I sympathize with those whose experience in the church has left them spiritually battered and bruised. But most of today’s dechurching is the result of our wayward hearts, not church leader scandals. The human heart tends toward sin, and when we walk down a disobedient path, we’re inclined to rationalize our direction and decisions. “Prone to wander, Lord, I feel it,” the old hymn goes. Most of us haven’t borne the brunt of church scandals, at least not personally, which means if we rely on these stories as the reason for our churchlessness, it’s likely we were searching for the slightest justification to do what we wanted in the first place.

Road to Unbelief

Matthew Lee Anderson points to a letter J. R. R. Tolkien wrote his son who had written to him about his “sagging faith.” Tolkien acknowledged the church’s sins and failures and how corruption might weaken a believer’s devotion, but he warned against the temptation to find in the church’s scandals a “convenient” opportunity to “turn our eyes away from ourselves and our own fault to find a scape-goat.”

Leaning on the work of historian Philip Jenkins, who claimed it wasn’t the church’s transgressions that sped up secularism but a rapid secularization that looks for more church scandals, Anderson comments,

In a society where piety prevails, the incentive to cloak the church’s transgressions is considerable—which is perfectly compatible with a widespread expectation that the church will be terrible (since a pious society will know its church history and read its Bible). By contrast, a secularizing society will look for justifications for its growing unbelief—and find them in the repugnant and wicked conduct of Christians.

We think people are leaving the church today because of all the church scandals.
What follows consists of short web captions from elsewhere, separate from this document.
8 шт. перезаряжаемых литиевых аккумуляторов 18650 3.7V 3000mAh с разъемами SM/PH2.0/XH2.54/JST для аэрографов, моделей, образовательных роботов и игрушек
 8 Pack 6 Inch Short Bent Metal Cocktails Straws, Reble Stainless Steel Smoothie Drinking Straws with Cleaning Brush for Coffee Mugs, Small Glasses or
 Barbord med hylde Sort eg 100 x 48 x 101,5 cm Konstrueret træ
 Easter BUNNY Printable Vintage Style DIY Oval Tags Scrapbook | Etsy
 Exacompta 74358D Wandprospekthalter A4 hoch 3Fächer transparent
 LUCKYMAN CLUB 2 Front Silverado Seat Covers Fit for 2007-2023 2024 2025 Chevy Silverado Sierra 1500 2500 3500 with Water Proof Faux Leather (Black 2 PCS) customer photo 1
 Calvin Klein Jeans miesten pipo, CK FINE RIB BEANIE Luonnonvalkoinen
But it’s possible we hear more about church scandals today because people seek to justify their decision to leave.

Church as Glorious and Complicated

Why is the New Testament so insistent on gathering with believers in covenant fellowship? Perhaps it’s one way we’re inoculated against the Docetist heresy that said Christ only appeared to have a body when he was actually just a spiritual being.

C. FitzSimons Allison writes,

“I’m religious but I don’t believe in institutional Christianity” is often another Docetic way to say, “I want to be spiritual without any of the ambiguities, frustrations and responsibilities that embody spiritual commitment.” I want to be a parent, but I don’t want to change a diaper. I want to be on the soccer team, but I want to do my own thing over in the corner, show up for practice whenever I feel like it and do whatever I please. . . . Institutions are embodiments and substantiations of ideals, aims, and values. Docetism is a special abnegation of any responsibility to incarnate ideals, values, or love. It is altogether too easy to love and care in the abstract. Concrete situations of diapers, debts, divorce, or listening to and being with someone in depression and despair, is the test of real love. Docetism is the religious way to escape having love tested in the flesh. All of us are tempted to audit life rather than to participate fully and be tested by it.

The Christian needs the church. Working out our salvation with fear and trembling is a corporate exercise (Paul’s instruction is plural), not an individualistic pursuit (Phil. 2:12–13). We must not lose sight of worship as the most important thing we do—our duty and our joy. To gather and celebrate the risen Lord on the morning of the first day of the week is to say something about the nature of the universe, to align our hearts with the wonder at the heart of the world, to give testimony to the still-glimmering truth of King Jesus crucified and raised.

Jesus remains committed to us, no matter our many sins. Perhaps it’s our call to match today’s church scandals with a scandalously determined commitment to Christ’s people.